Results from Europe’s biggest ever survey on LGBT discrimination and hate crime are released today.
Over 93,000 people responded to the EU LGBT survey conducted by the EU Fundamental Rights Agency. The Agency (FRA) provides evidence-based advice to EU and national decision makers so as to inform debates, policies and laws on fundamental rights.
The survey covered experiences in daily living, discrimination, violence and harassment and rights awareness. It is a huge amount of data and it provides very important information on the experiences of LGBT people across Europe.
Results indicated that half of all respondents indicated that they had been discriminated against or harassed because of their sexual orientation in the previous year. 60% of respondents said they would not report incidents because they felt that nothing would be done. 2 out of 3 LGBT respondents were hiding or disguising being LGBT at school.
Across all areas of the survey transgender respondents recorded higher levels of actual and perceived violence, discrimination and harassment.
The results are available broken down across the 27 member states (plus Croatia.)
Some Irish statistics of note
- 57% of Irish respondents said that they avoided holding their same-sex partner’s hand in public because of a fear of being assaulted or threatened.
- 31% of Irish respondents indicated that they had been physically/sexually attacked or threatened with violence at home or elsewhere in the past 5 years. (EU figure was 26%)

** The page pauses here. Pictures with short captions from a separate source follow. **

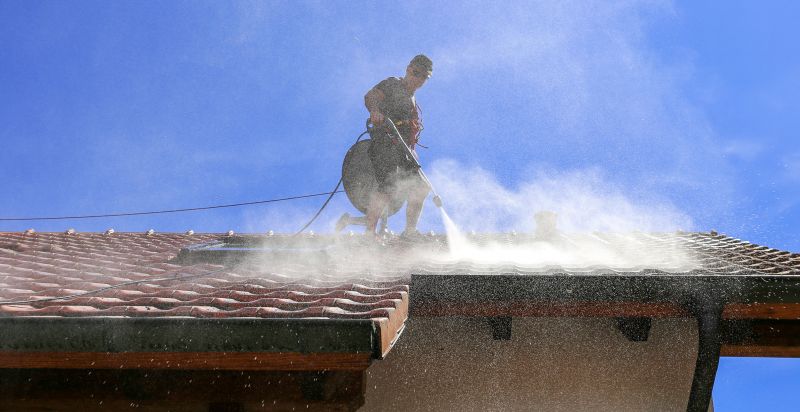 Metal Roof Painting Service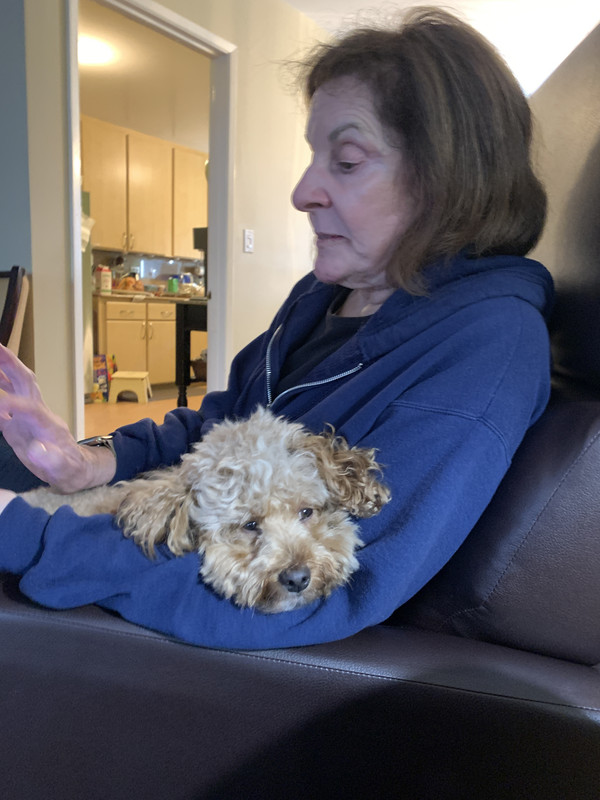 D2CF29F4-CE2F-4E40-9930-0C157DC1814B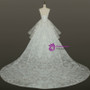 Brilliant White Ball Gown Lace Backless Wedding Dress With Train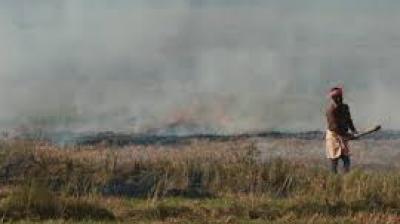 Five years in jail, Rs 1 crore fine for causing pollution, says Centre’s new ordinance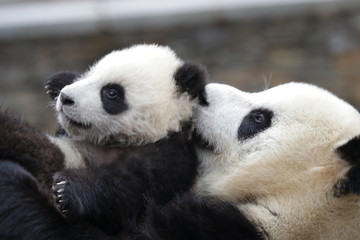 Bonding of Love, Family Time, Mother Panda and her Cub, Wolong, China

- 74% of Irish Respondents knew there was legislation preventing discrimination in employment on the basis of sexual orientation.
The majority of respondents across the EU favoured increased visibility of LGBT issues and identity in schools, education and information for public officials on LGBT issues, recognition of same sex relationships and other targeted actions as having a positive impact on tackling discrimination and harassment.
The FRA have developed evidence based advice to member states and the European Commission (who asked for the study to be undertaken).
Included in the advice, which is summarised here, is a call for recognising and protecting victims of hate crime . This is something which the State and An Garda Siochana do not currently undertake. There is no hate crime legislation or data gathering not only for crimes against LGBT’s but also for crimes on the basis of ethnicity and race and disability.